Retirement And Life After The Police.
George retired as an Inspector on the 31st December 1938 on completion of his 25 years’ service receiving a pension of £223/4/0 per annum.
Published on Friday 6th January 1939 in the Buckinghamshire Examiner under the headline Police Inspector Retires: Popular with police and townspeople alike, Inspector G. Rolls, who had been stationed at Berkhamsted since 1934, retired on Saturday. Inspector Rolls started his career in the Herts Constabulary at the Hatfield Instruction School twenty-five years ago. After serving for a period as sergeant at Watford he was transferred to Bishops Stortford, and then as Inspector at Berkhamsted, when Inspector Goodship was promoted Superintendent at Hertford. Mr. and Mrs.
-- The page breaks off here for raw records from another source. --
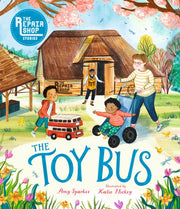 Repair Shop Stories The Toy Bus By Sparkes, Amy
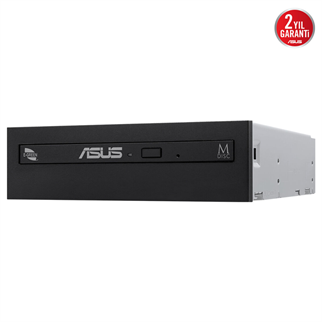 ASUS DRW-08D6MT/BLK 8X DVD Yazıcı, M-Disc Destekli SATA Bulk Siyah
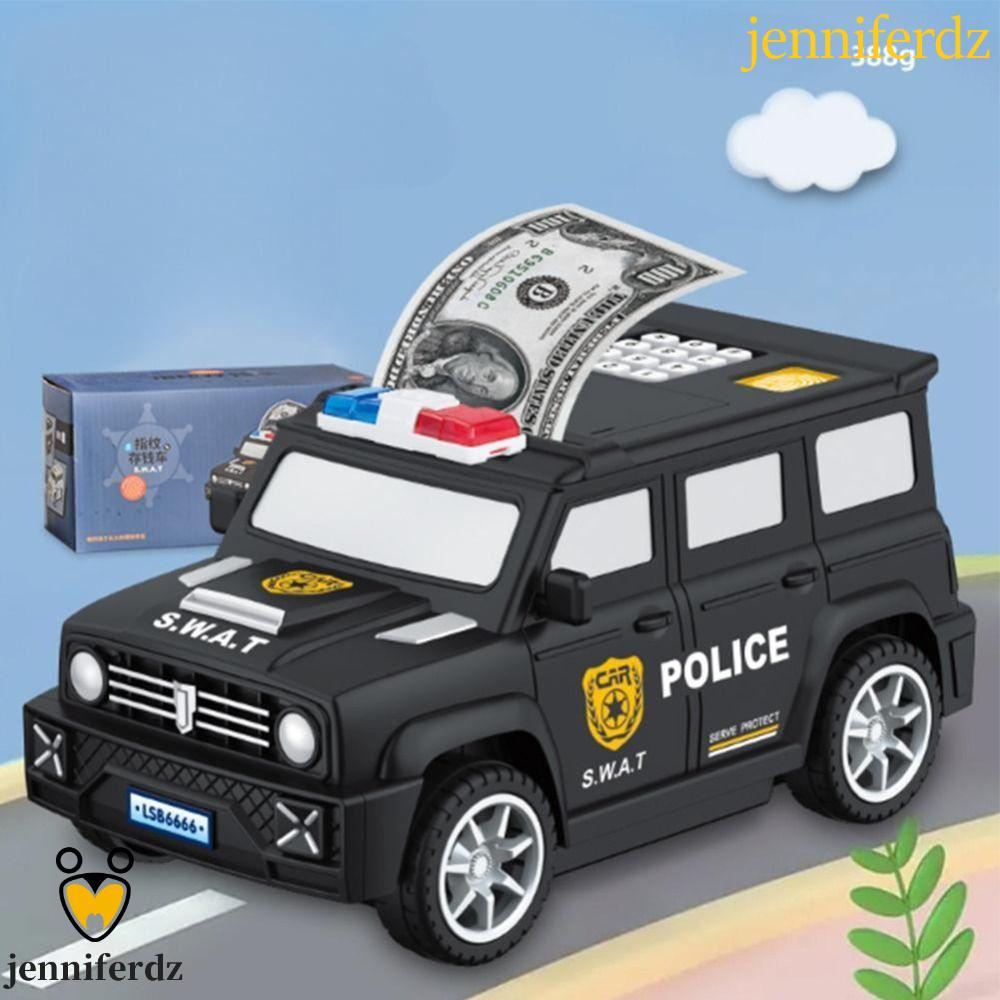 JENNIFERDZ รถรุ่น Piggy Bank รหัสผ่าน Atm ของเล่นเด็กของเล่นเด็กของขวัญวันเกิดการ์ตูน Auto Scroll กล่องเก็บเงิน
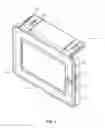 Fig. 02 - Shelf-mountable video display unit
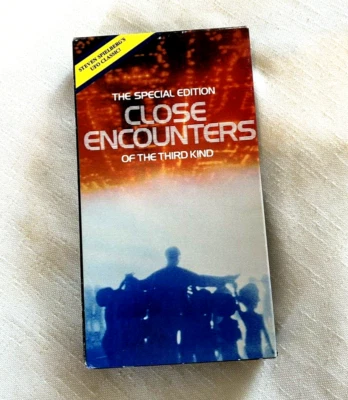 Close Encounters of the Third Kind VHS 1988 Special Edition - Image 1 of 4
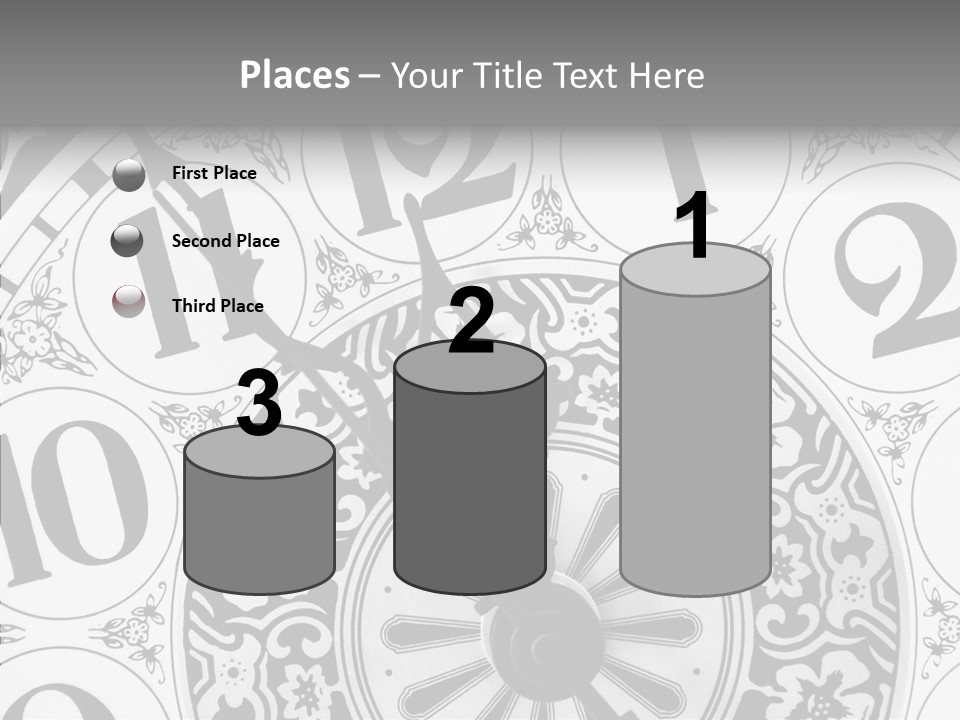 Elderly Human Sharing PowerPoint Template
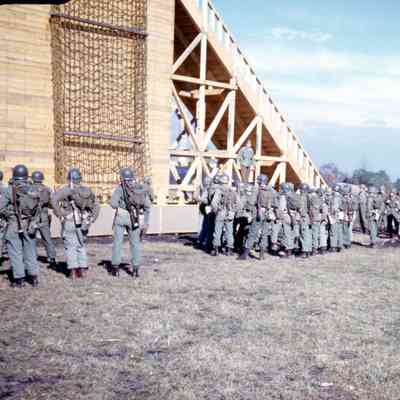 Training for amphibious landings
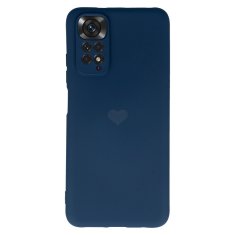 Vennus Heart puzdro pre Xiaomi Redmi Note 11 Pro/ Redmi Note 11 Pro 5G - tmavo modré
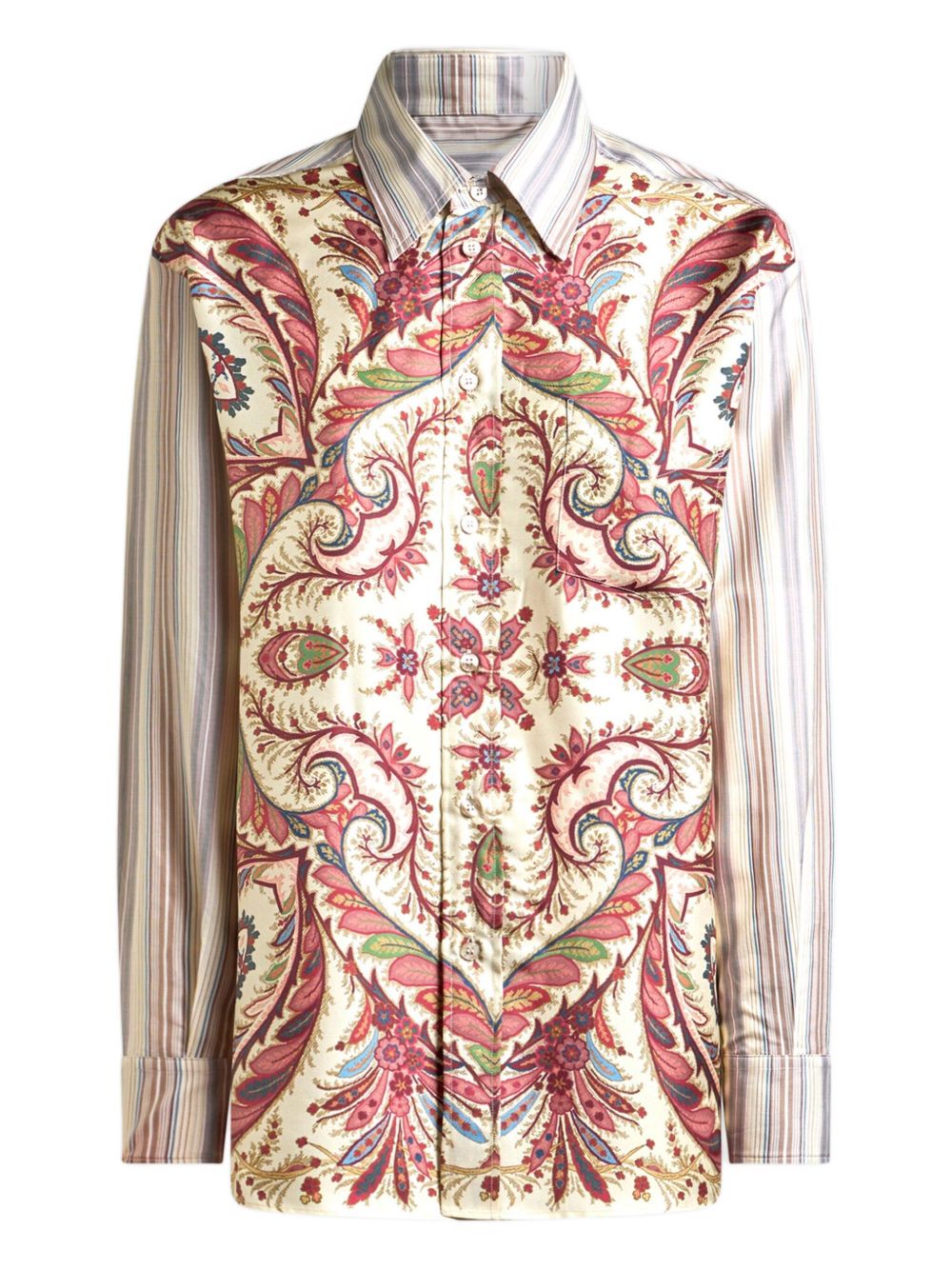 ETRO Multicolour Women's Elegant Cotton Shirt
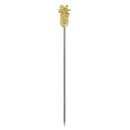Beaumont Pineapple Garnish Pick vergoldet (10er Pack)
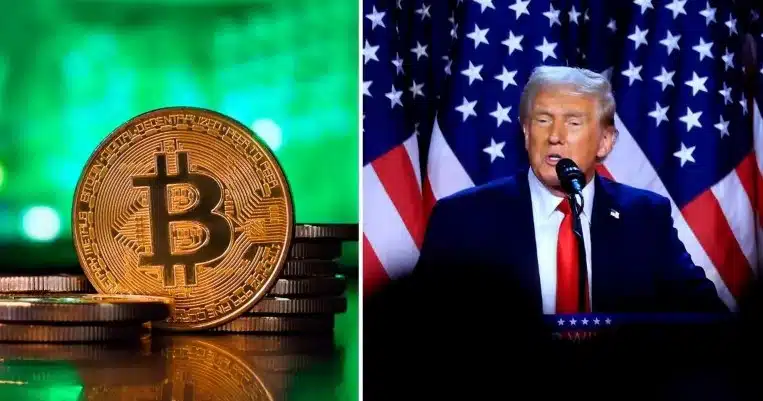 Donald Trump se atribuye el mérito por incremento en el valor del bitcoin: 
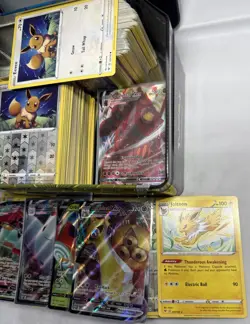 Pokemon TCG Bulk Card Lot - 200+ (Vivid Voltage) V & VMAXs All Cards NM + Tin! - Image 4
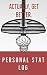 Actually, Get Better. Personal Stat Log by Devin Polk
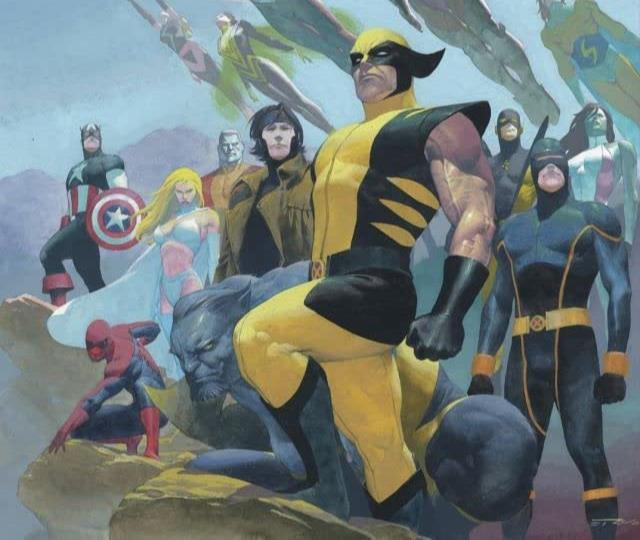House of M, uno dei possibili universi da esplorare in Doctor Strange 2 Dettaglio della cover di House of M #1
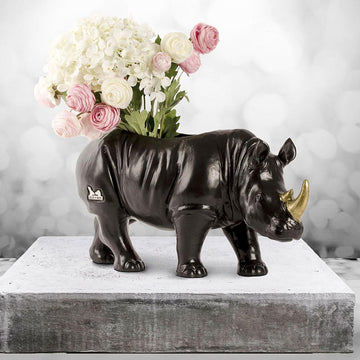 He grew more beautiful every day (Ceramic Vase)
Rolls are leaving Berkhamsted to live at Folkestone in their retirement, and they take with them the good wishes of a large number of friends in police and town circles.
In the 1939 Register George, shown as a retired Police Inspector, and Caroline Rolls are listed as living at 26, Stanbury Crescent, Folkestone.
George John William Rolls died on the 12th August 1968 at 26, Stanbury Crescent, Folkestone. His funeral was held at 11.30 a.m. on Friday the 16th August 1968 at Folkestone.